**About this task:**
Below are some records. Write out the line that contains "The default username" and all lines after it, exactly, but not the pictures.
START Records for the exercise
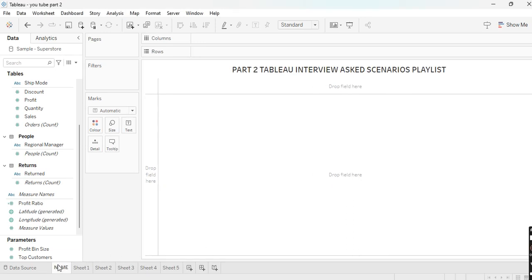Hello everyone and welcome to my YouTube channel Creator Chats with RK, and welcome to the playlist part 2 interview ask scenarios. I have already created part one in this playlist — if you have not seen that part, please go and check that first.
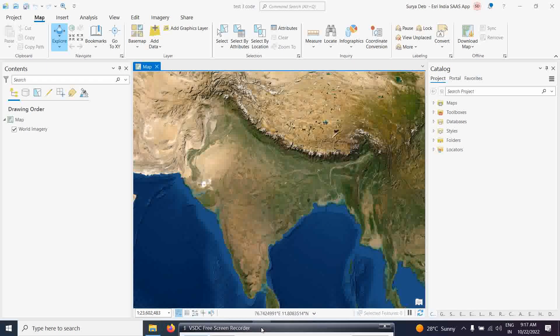Good morning everyone. Today we will start a new demo that is basically about Python coding in ArcGIS Pro — how we can write Python code and using that code, how we are going to calculate the NDVI. A little bit of image processing with the help of Python code in ArcGIS Pro, which is giving you a great use of this software. Let us start with that.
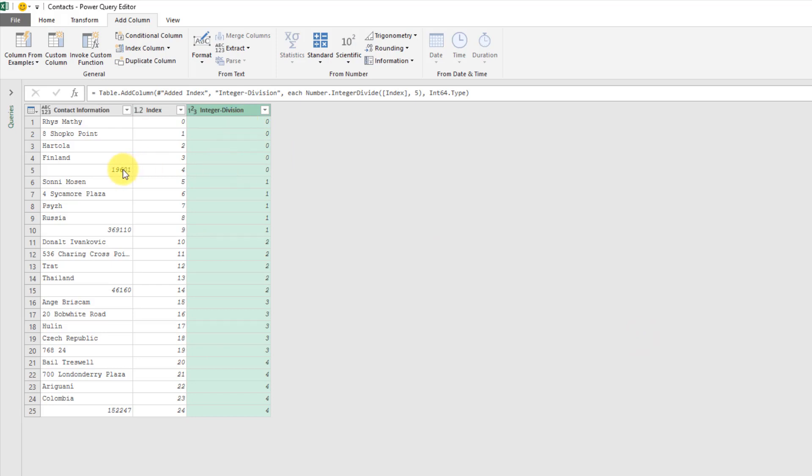You can see what that does is I get kind of a grouped serial number now for each record of addresses. Here's my first five and they all have zero here and then here's my next five and I get a one and two and three and four.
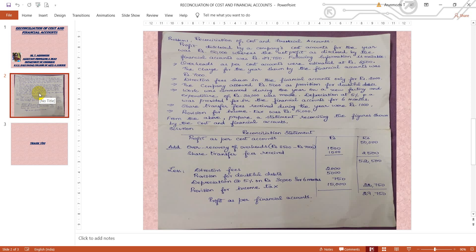Share transfer fees received during the year: rupees 1,000. Since we have received this for share transfer, we take it to the addition side. Next, provision for income tax was rupees 15,000, which is placed on the deduction side.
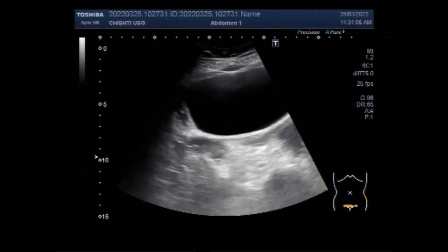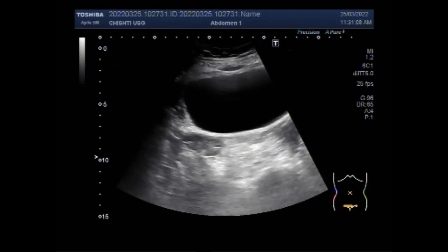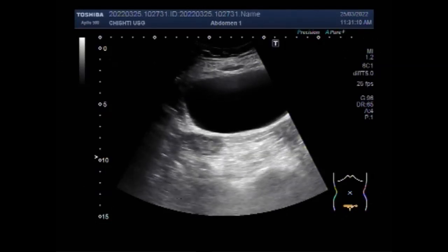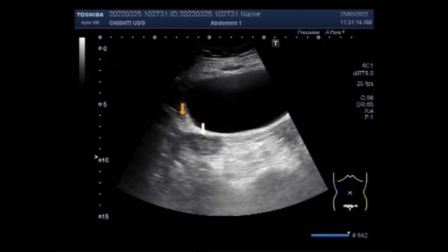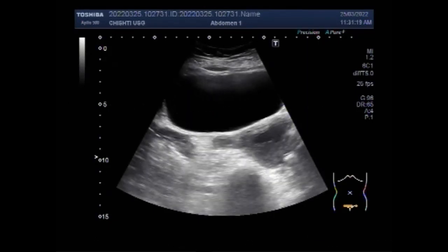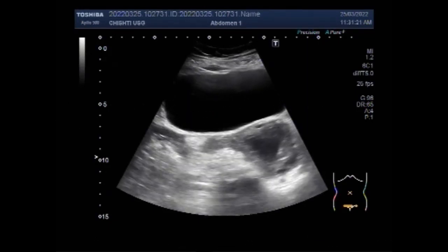The pouch of Douglas, or rectovaginal septum, is the space between the rectum and the uterus. This is the lowest part of the abdominal cavity, and you can see a significant amount of fluid in the cul-de-sac in this case.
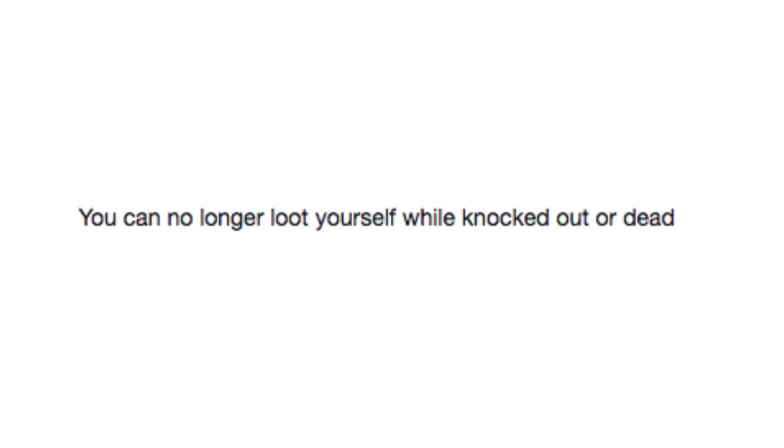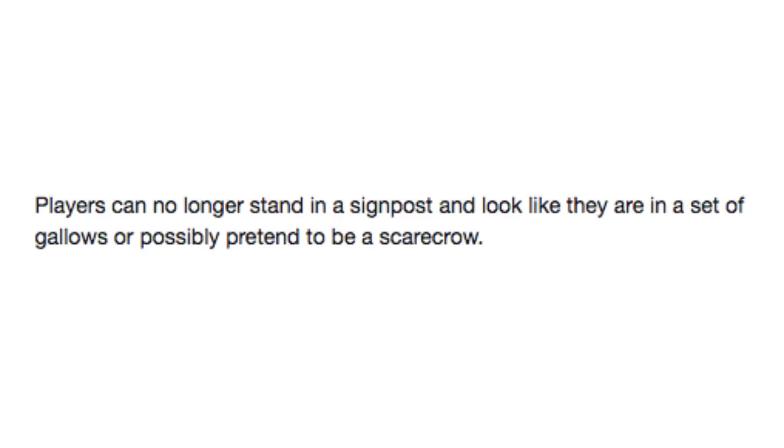You can no longer loot yourself while knocked out or dead. Damn it. I wanted to take my stuff with me when I died. Players can no longer stand at a signpost and look like they're in a set of gallows or possibly pretend to be a scarecrow. Well, why don't you like fun, game?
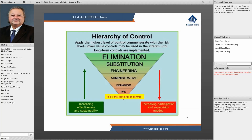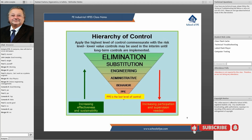What we have here is the hierarchy of controls. NIOSH — the National Institute of Organizational Safety and Health — had a lot to do with it, as does the CDC, which feeds data into OSHA. This is all about eliminating hazards and risk.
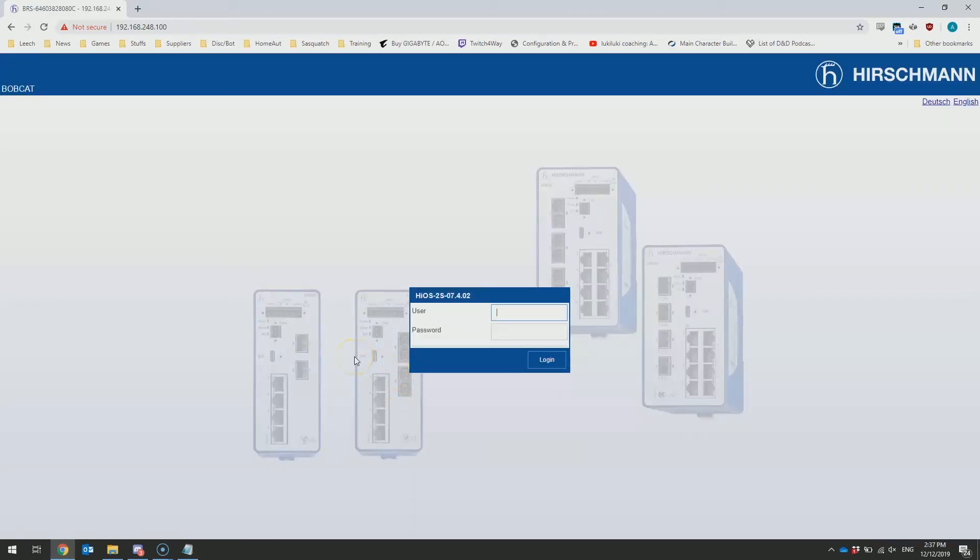The default username and password on the device currently on this firmware is admin and private. If you're actually running firmware 8.1 or higher, it will prompt you at this stage to create a new password and it will delete the default password. This has been done for security reasons to ensure the device is not put into the field with default credentials.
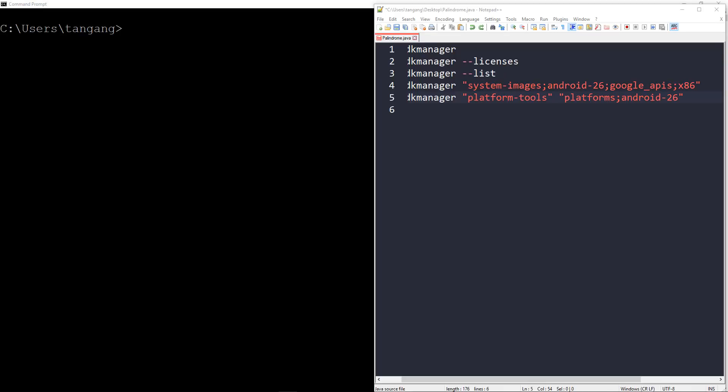Hello guys, and welcome to the final portion of creating an Android emulator. The reason why I decided to make this video was because not everybody has the capability of running Android Studio on their machine. I wanted to provide an alternative where they can use VS Code or some other lightweight editor and still be able to use an emulator to test their apps.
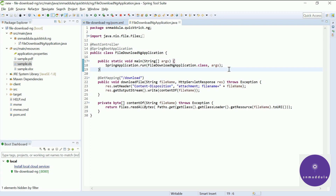Hi, in the previous video we have implemented this file download functionality using a Spring Boot application. Now in this video, let us generate an Angular client application and consume this download handler through an Angular service and download this file onto a client machine via an Angular app. Let us get started by creating an Angular application using the Angular CLI.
END Records for the exercise
**Exercise output:**
The default username and password on the device currently on this firmware is admin and private. If you're actually running firmware 8.1 or higher, it will prompt you at this stage to create a new password and it will delete the default password. This has been done for security reasons to ensure the device is not put into the field with default credentials.
Hello guys, and welcome to the final portion of creating an Android emulator. The reason why I decided to make this video was because not everybody has the capability of running Android Studio on their machine. I wanted to provide an alternative where they can use VS Code or some other lightweight editor and still be able to use an emulator to test their apps.
Hi, in the previous video we have implemented this file download functionality using a Spring Boot application. Now in this video, let us generate an Angular client application and consume this download handler through an Angular service and download this file onto a client machine via an Angular app. Let us get started by creating an Angular application using the Angular CLI.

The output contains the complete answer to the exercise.